Crónica «Por los sitios de la Noche Triste» por Ene Riaño

De vuelta, en la cuadrante periferia. Si cruzas horizontal el puente de Alvarado, ése ser rojobarbado compañero de Cortés, ya estás en la colonia Tabacalera. Nadie grita sus mercancías, éstas expuestas ahí son agarradas por presurosas manos que van rumbo a Tacuba, como aquel espadachín ibero. Cascos y armaduras de hoy en día hay por miles.

No se puede llegar en tren. A pie es una mejor opción, en las angostas plazas entremetidas en los extensos pases peatonales, donde se cruza por la línea con calma o toreando, con riesgo de que un ciclista en contraflujo… Ahí, uno escucha por momentos, además de ensordecedoras sirenas, sabidurías que parecerían insospechadas.


Foto: Cuarto Oscuro

Circulando entre nylons, un hombre da al clavo del persistente comercio sexual de la zona circunferente al Monumento a la Revolución. Y es que de algo tiene que sostenerse la industria hotelera, una vez que Buenavista, la estación donde silbaba el tren se inhabilitó para viajes largos. Lo del por qué travestis aún guarda algo de misterio.

De variado fenotipo, tamaños, anchuras, presupuestos. A cada paso el cuchicheo de su jerga, fuera de cantinas, en semicallejones truculentos, a la puerta de establecimientos representativos de los partidarios tricolores, en la banqueta de la vieja Academia de San Carlos; rumbo al Down Town, ahí están.


Hacia delante. Avanzar, si los semáforos enloquecieran estaríamos perdidos. Kaos, terrorífico, y tan parecido a ese que casi a diario azules seres no pitufescos causan al obstruir el paso en pro del progresar.


Foto: Cuarto Oscuro

“Uuy, carne maloliente” le escuché decir exasperada a una pequeñina que juzga así su primer adentramiento a esta selva. A eso decía que huele aquí. A carne mal oliente, sí, pero ya no de españoles que aquí se quedaron muertos por montón hace 496 años y tantos.

Desdichados somos y nos convertimos en furias a la más leve obstrucción de Reforma, estructural pasaje con enanos rascacielos a imitación. El máximo paseo se insiste ha de conservarse como postal incrustada, como falsa estampa.

Mas cada día 28 se ve empañado el inicio de su recorrido turístico con romerías arremolinadas a las afueras de un viejo recinto de veneración, donde empezaron a caer, en vendetta del Tóxcatl, los blandos cuerpos cual blancas espigas de la caña. San Hipólito se ha hecho un Judas quemado de verde, sobre todo en octubre, entre danzas sincréticas.

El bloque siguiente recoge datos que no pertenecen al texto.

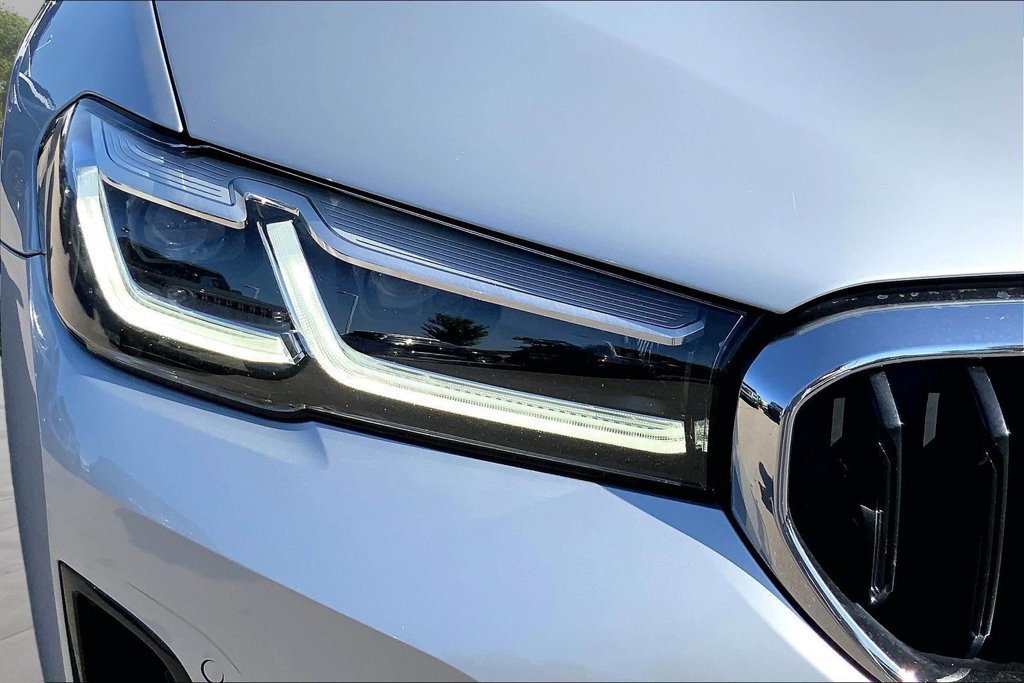 Used 2021 BMW 530i w/ Convenience Package RWD image 30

El olor a orines emana, es la casa de los sin techo, ellos son los dueños y amos que de día prestan a ambulantes y peatones la vía por la que también los tlaxcaltecas, esos aberrantes catalogados de traidores cual Santa Anna y compañía, se caían ante la ofensiva de la herida Tenochtitlan.

Fue el marqués Pedro de Alvarado el motivo de la masacre; él, que antes y después también masacró; él, el resplandeciente Tonatiuh, el Sol que sin cortes se abalanzó. No sabía de jerarquías o si sí, se olvidó de ellas una vez que don Hernando se largó a la afrenta contra Pánfilo de Narváez. Ya después un tal Lope de Aguirre se habría afanado sin triunfo en seguir el malejemplo.

Hombres, caballos y oro hundidos ante la fangosidad de lluvia inclemente y lacustre. Enterrados en lodo con oro que les recordaría en la otra vida la grandeza del último aliento, el tesoro de Axayácatl.

¿Quién fue el que lloró bajo el árbol, quiénes lo rodeaban? No los virulentos. Para ellos, los entonces imperialistas tenochcas, fue una noche alegre, tal vez la última memorable, en la que se creyeron, al menos por instantes, todopoderosos, alumbrados por sus protectores que no los habían olvidado, y a los que después tuvieron que travestir, como lo hacen a diario las meretrices callejeras que pueblan ahora el paso.